Top UN official calls for swift and orderly release of child soldiers in Nepal

13 October 2009
Cantonment in Surkhet, Nepal, provides temporary shelter for People's Liberation Army (Maoist combatants)

A senior United Nations official appealed today for the swift and orderly release of nearly 3,000 Nepalese minors who served as Maoist army personnel in the country’s civil war and yet remain in temporary camps, three years after a peace deal ended the conflict.

“These children have a right to start their lives anew and help to build a peaceful and prosperous Nepal,” said Radhika Coomaraswamy, the Secretary-General’s Special Representative for Children and Armed Conflict, according to a press release issued by her office.

Ms. Coomaraswamy also welcomed the re-launch of the discharge and rehabilitation process of over 4,000 former Maoist fighters – including the child soldiers – in Nepal.

“The United Nations and its partners stand ready to provide support and assistance for their successful rehabilitation into Nepali society.”

The UN Mission in Nepal (UNMIN), established in 2007 as a special political mission tasked with helping advance the peace process, has been extended through January 2010 to assist in the management of arms and army personnel contained in the cantonments.
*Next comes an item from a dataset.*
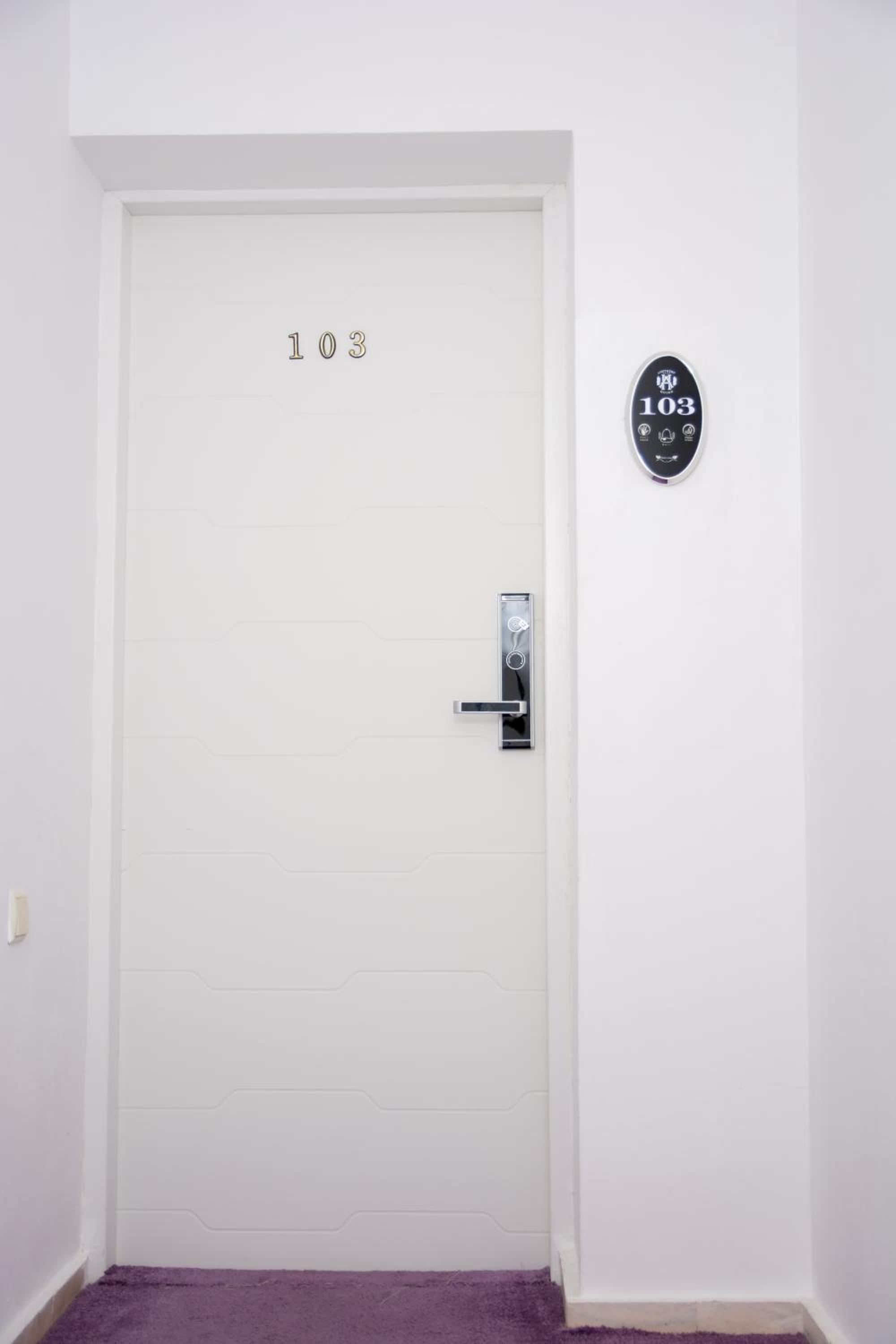 Two-Bedroom Suite - Photo 1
The 2006 peace agreement ending the civil war led to the establishment of cantonments, or army camps, to provide temporary shelter for Maoist ex-combatants in several localities across Nepal.
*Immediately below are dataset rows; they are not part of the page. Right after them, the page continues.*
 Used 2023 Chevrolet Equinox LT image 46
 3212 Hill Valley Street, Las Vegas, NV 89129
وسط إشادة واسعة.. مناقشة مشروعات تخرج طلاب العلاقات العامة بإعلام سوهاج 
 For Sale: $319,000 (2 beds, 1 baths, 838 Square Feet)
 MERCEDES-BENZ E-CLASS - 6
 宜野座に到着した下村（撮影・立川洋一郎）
Following earlier conversations with the Prime Minster of Nepal and the Chairman of the Unified Communist Party of Nepal - Maoist (UCPN-M), the Special Representative welcomed the re-launching of the rehabilitation process and noted that Chairman Prachanda of the UCPN-M has given her assurances that the orderly discharge would proceed immediately.

She called on all parties to ensure that the process proceeds smoothly and is completed at the earliest in compliance with international standards.
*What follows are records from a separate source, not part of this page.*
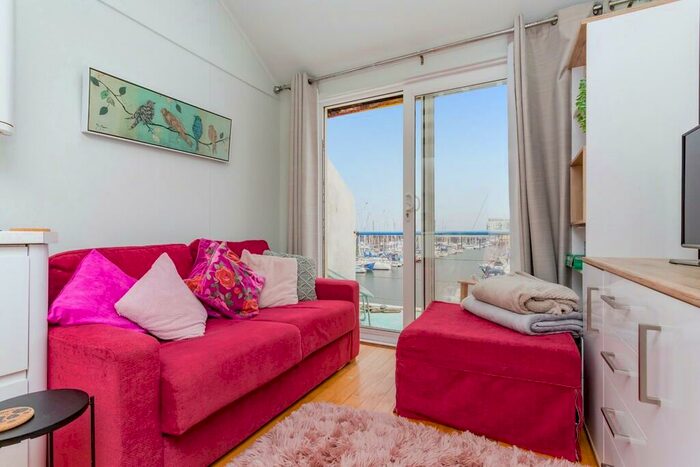 Studio To Rent In Eastern Concourse, Brighton Marina Village, Brighton, BN2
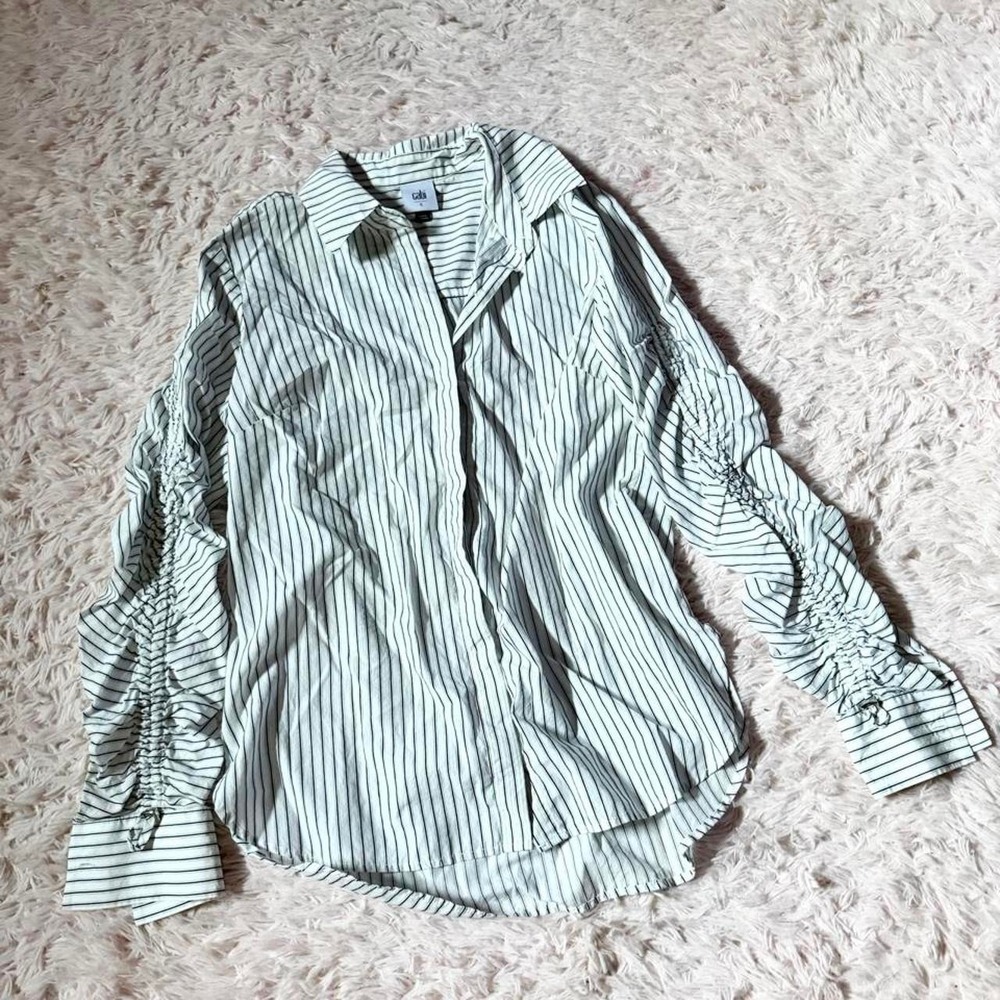 Coastal Hamptons Classic Chic Quiet Luxury Minimalist Pinstripe Top Womens S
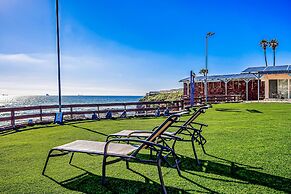 Dog-friendly Oceanfront Villa With Pool Access, Rooftop Patio, Full Ki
“I look forward to visiting Nepal in the coming weeks to witness for myself the discharge of these minors,” stated Ms. Coomaraswamy.

The commitment of the Government of Nepal and the UCPN-M to move forward on the issue of discharge of minors is in line with the Comprehensive Peace Agreement and Security Council resolutions 1539 (2004) and 1612 (2005) as well as the Council’s recommendations on Children and Armed Conflict.